### [WHAT THIS TASK INVOLVES]
Return an exact copy of the lines from the one holding "This tends to" to the end of the data, including both the starting and final lines. Leave the pictures out.

### [DATASET EXTRACT]
■ ■ ■ ■

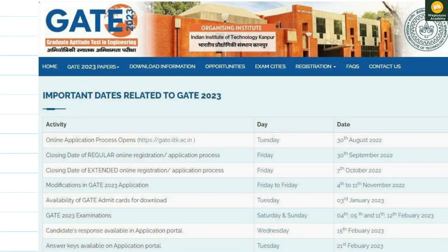Welcome to all of you on the Vplusio Academy. My name is Ashish Garg. In this video we will be going to see the important dates related to the GATE exam 2023. This year GATE was being conducted by the IIT Kanpur.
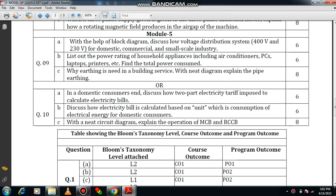Hello everyone, welcome to the playlist of basic electrical engineering. In this session I am going to discuss the questions from module 5. This portion belongs to the model question paper of basic electrical engineering, set two. Before moving to the session, I request everyone to follow up the previous videos — links are available in the description box and the i-button of this video.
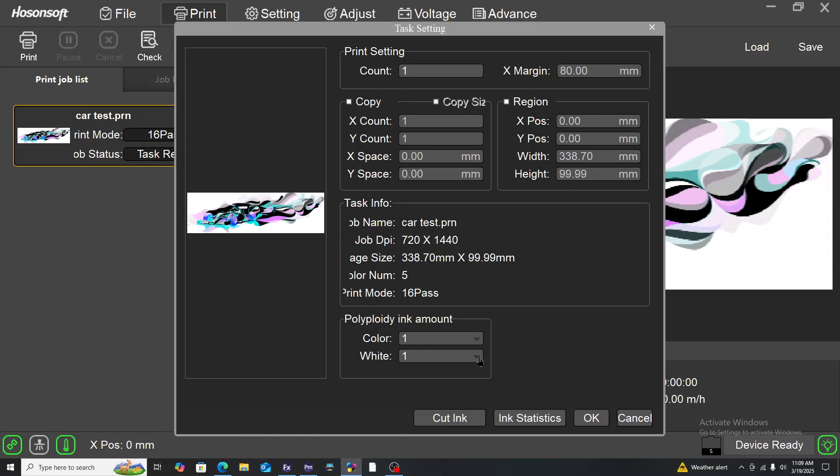This tends to make your print more vivid as it will be having double layers of color, or it can make it a bit thicker since it will be having a double layer of white. But in this particular case we're going to print it on the default one-one. So once you are done here you press OK.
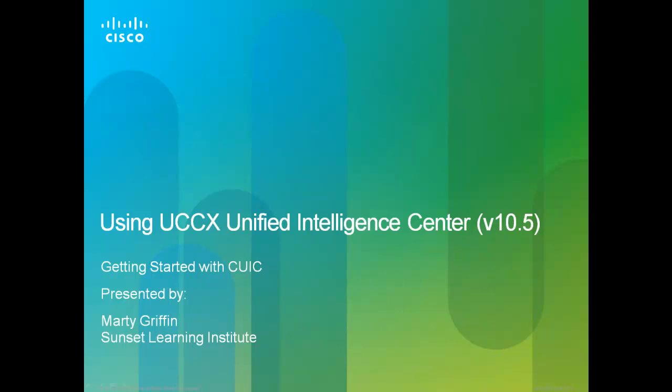Welcome to Using UCCX Unified Intelligence Center. I'm Marty Griffin, a Cisco Contact Center instructor from Sunset Learning Institute. This is part one of five presentations. Getting started with CUIC will help you get started using the standard CUIC embedded into UCCX version 10.0.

■ ■ ■ ■

### [RESPONSE FOR THIS EXERCISE]
This tends to make your print more vivid as it will be having double layers of color, or it can make it a bit thicker since it will be having a double layer of white. But in this particular case we're going to print it on the default one-one. So once you are done here you press OK.
Welcome to Using UCCX Unified Intelligence Center. I'm Marty Griffin, a Cisco Contact Center instructor from Sunset Learning Institute. This is part one of five presentations. Getting started with CUIC will help you get started using the standard CUIC embedded into UCCX version 10.0.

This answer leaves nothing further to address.